#### [Entries provided]
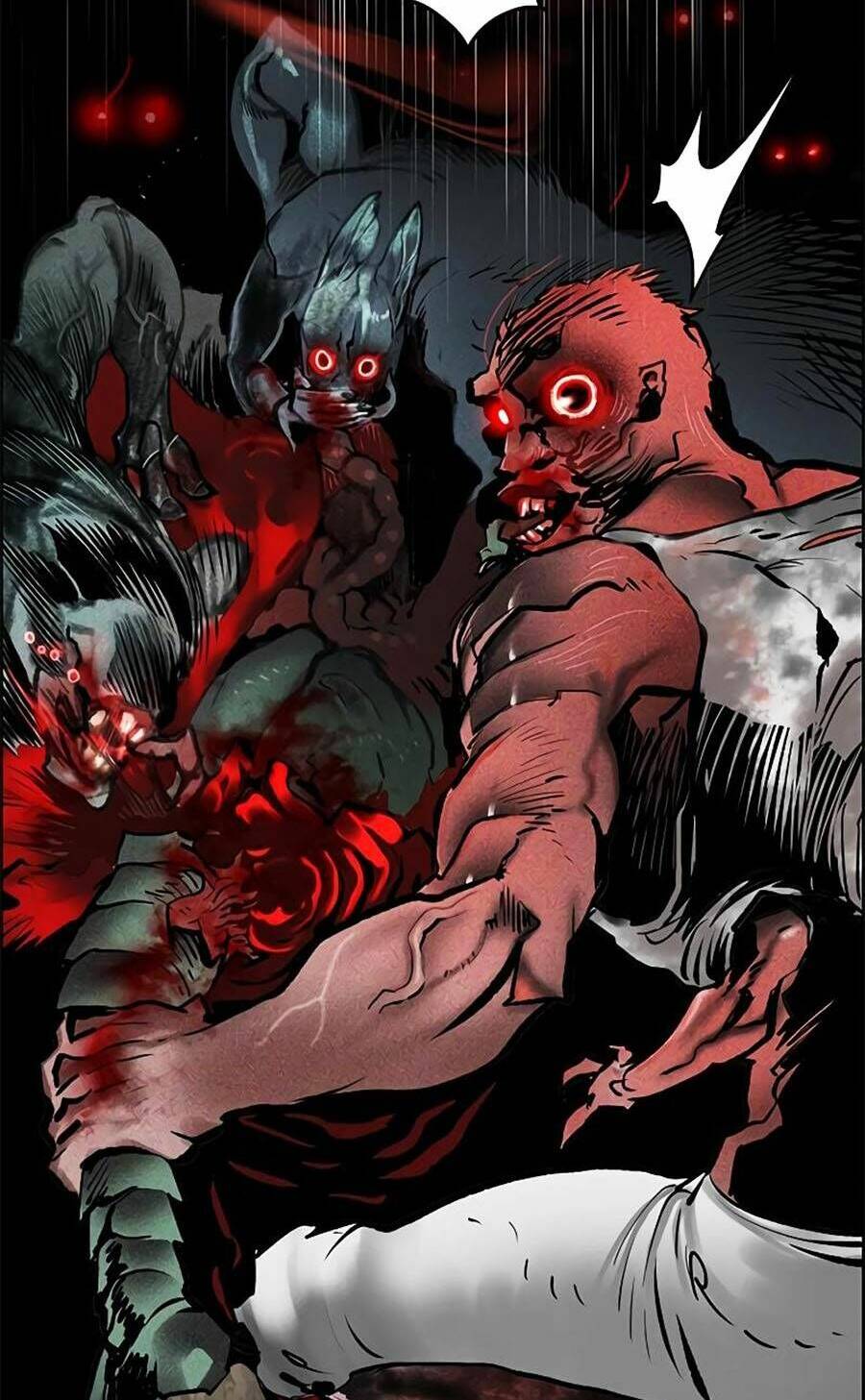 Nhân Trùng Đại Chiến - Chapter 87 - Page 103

--

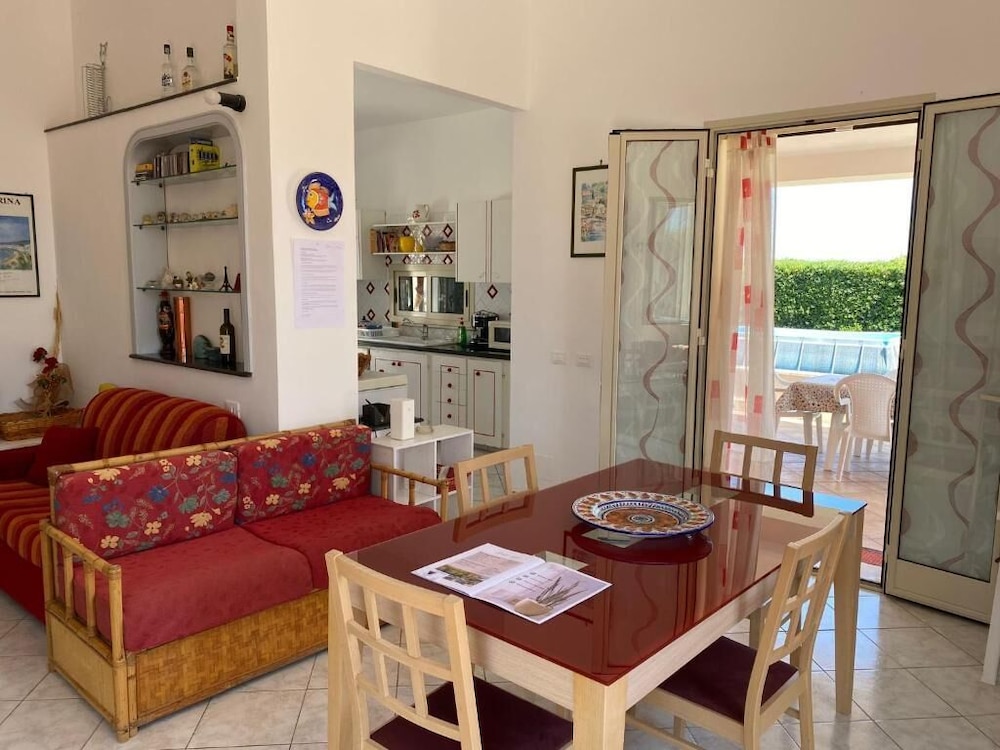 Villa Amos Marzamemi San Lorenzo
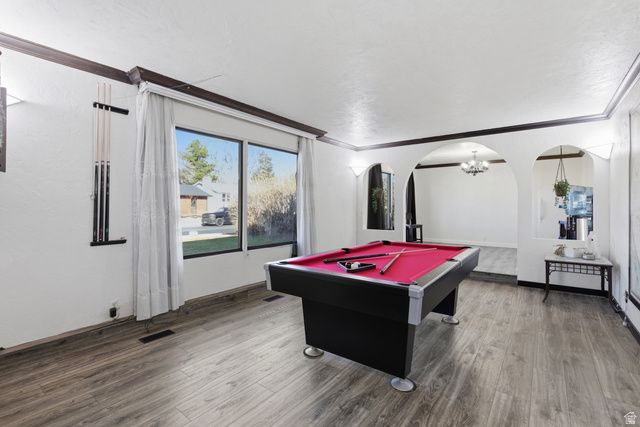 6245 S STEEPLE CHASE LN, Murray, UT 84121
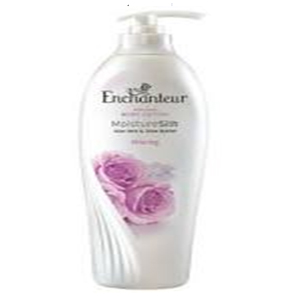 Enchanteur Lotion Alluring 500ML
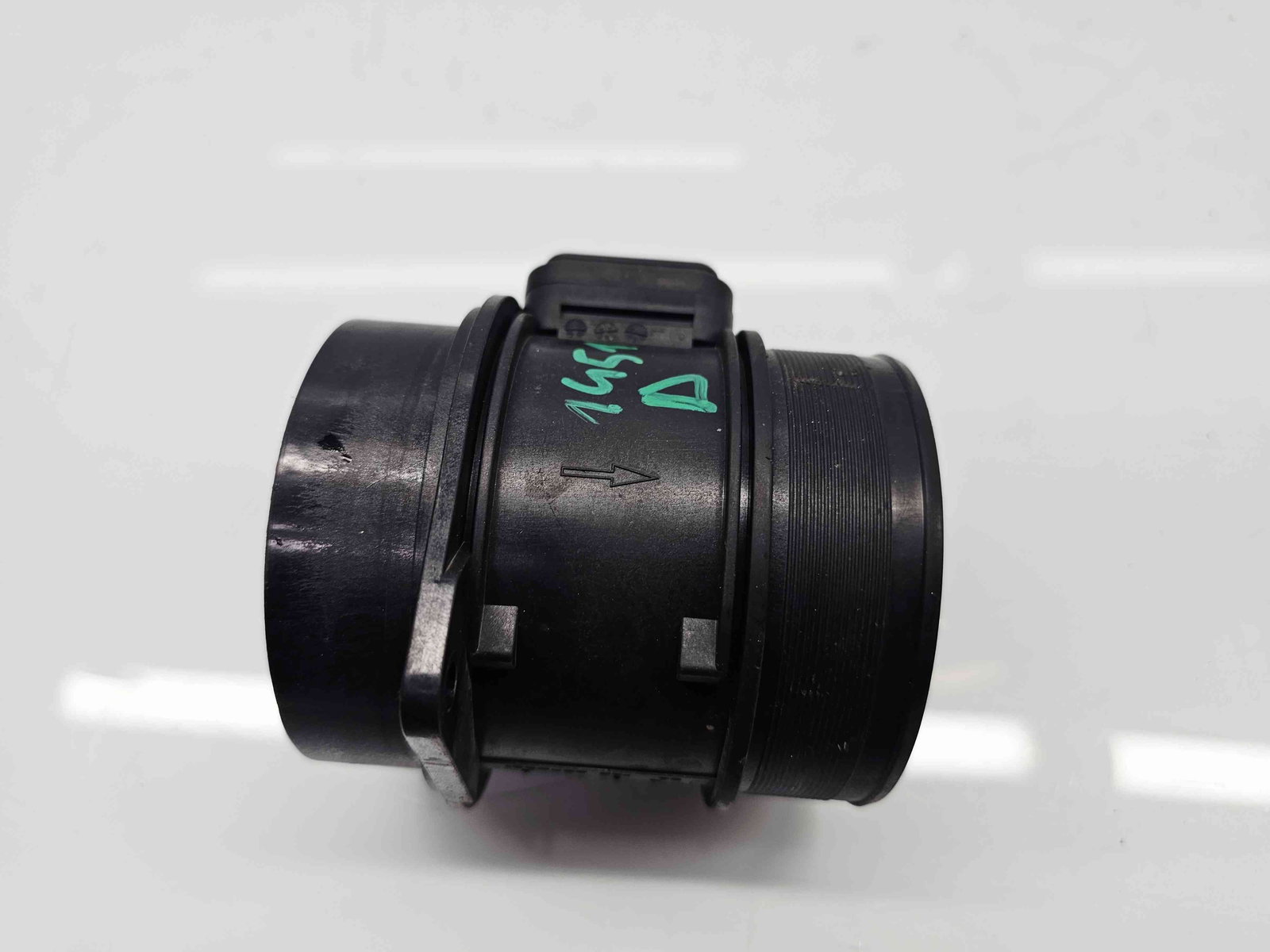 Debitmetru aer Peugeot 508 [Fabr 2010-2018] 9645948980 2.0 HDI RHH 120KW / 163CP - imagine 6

==

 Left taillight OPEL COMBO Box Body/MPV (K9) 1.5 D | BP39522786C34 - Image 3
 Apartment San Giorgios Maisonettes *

#### [What this task involves]
Starting at the line with "Left taillight OPEL" and ending at the line with "Apartment San Giorgios Maisonettes *", print each line of the listing above exactly, with no other lines.

#### [Exercise answer]
 Left taillight OPEL COMBO Box Body/MPV (K9) 1.5 D | BP39522786C34 - Image 3
 Apartment San Giorgios Maisonettes *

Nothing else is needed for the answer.